(Stored records)
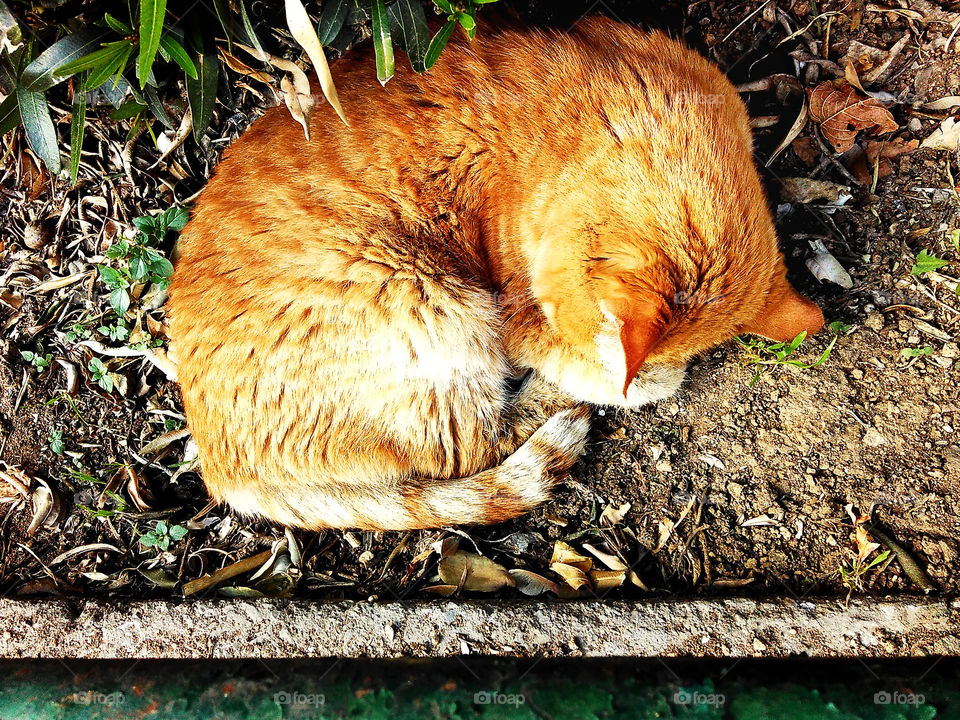Cat sleeping in the garden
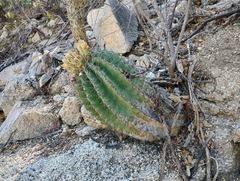 Ferocactus townsendianus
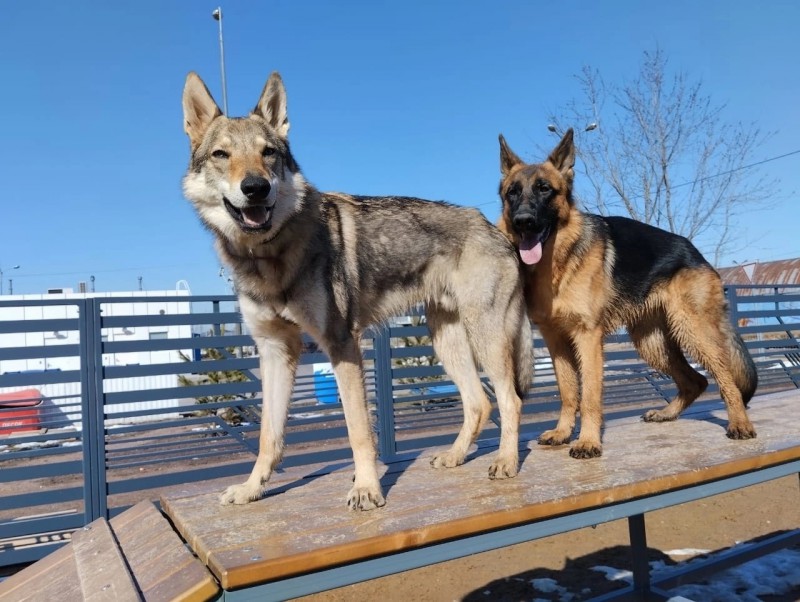 Dog Photo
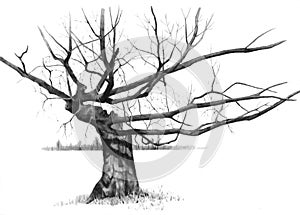 Kresba tužkou z prasklá starý holý strom 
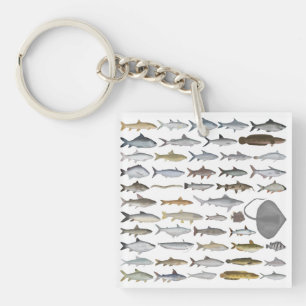 South Asia Freshwater Fish Group Keychain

_WHAT YOU NEED TO DO_
Without including any pictures, output all the entries above exactly.

_SOLUTION BELOW_
Cat sleeping in the garden
 Ferocactus townsendianus
 Dog Photo
 Kresba tužkou z prasklá starý holý strom 
 South Asia Freshwater Fish Group Keychain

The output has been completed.